- **Goal of the exercise**
Look at the entries below and reproduce them exactly.

═════ Records provided

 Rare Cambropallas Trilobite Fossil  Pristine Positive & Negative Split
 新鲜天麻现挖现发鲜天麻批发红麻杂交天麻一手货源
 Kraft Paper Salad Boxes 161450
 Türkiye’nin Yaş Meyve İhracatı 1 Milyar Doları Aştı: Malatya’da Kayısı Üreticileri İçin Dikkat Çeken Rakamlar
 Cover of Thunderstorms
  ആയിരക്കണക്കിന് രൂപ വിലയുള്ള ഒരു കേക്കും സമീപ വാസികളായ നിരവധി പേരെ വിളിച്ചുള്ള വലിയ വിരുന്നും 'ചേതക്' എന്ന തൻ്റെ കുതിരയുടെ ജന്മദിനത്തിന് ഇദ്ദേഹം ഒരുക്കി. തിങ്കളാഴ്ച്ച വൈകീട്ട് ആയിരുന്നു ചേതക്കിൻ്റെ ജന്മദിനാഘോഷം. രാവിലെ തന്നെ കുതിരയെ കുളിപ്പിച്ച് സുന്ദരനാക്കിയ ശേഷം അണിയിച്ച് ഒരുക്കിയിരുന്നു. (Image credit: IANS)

══════════

- **Result of this exercise**
 Rare Cambropallas Trilobite Fossil  Pristine Positive & Negative Split
 新鲜天麻现挖现发鲜天麻批发红麻杂交天麻一手货源
 Kraft Paper Salad Boxes 161450
 Türkiye’nin Yaş Meyve İhracatı 1 Milyar Doları Aştı: Malatya’da Kayısı Üreticileri İçin Dikkat Çeken Rakamlar
 Cover of Thunderstorms
  ആയിരക്കണക്കിന് രൂപ വിലയുള്ള ഒരു കേക്കും സമീപ വാസികളായ നിരവധി പേരെ വിളിച്ചുള്ള വലിയ വിരുന്നും 'ചേതക്' എന്ന തൻ്റെ കുതിരയുടെ ജന്മദിനത്തിന് ഇദ്ദേഹം ഒരുക്കി. തിങ്കളാഴ്ച്ച വൈകീട്ട് ആയിരുന്നു ചേതക്കിൻ്റെ ജന്മദിനാഘോഷം. രാവിലെ തന്നെ കുതിരയെ കുളിപ്പിച്ച് സുന്ദരനാക്കിയ ശേഷം അണിയിച്ച് ഒരുക്കിയിരുന്നു. (Image credit: IANS)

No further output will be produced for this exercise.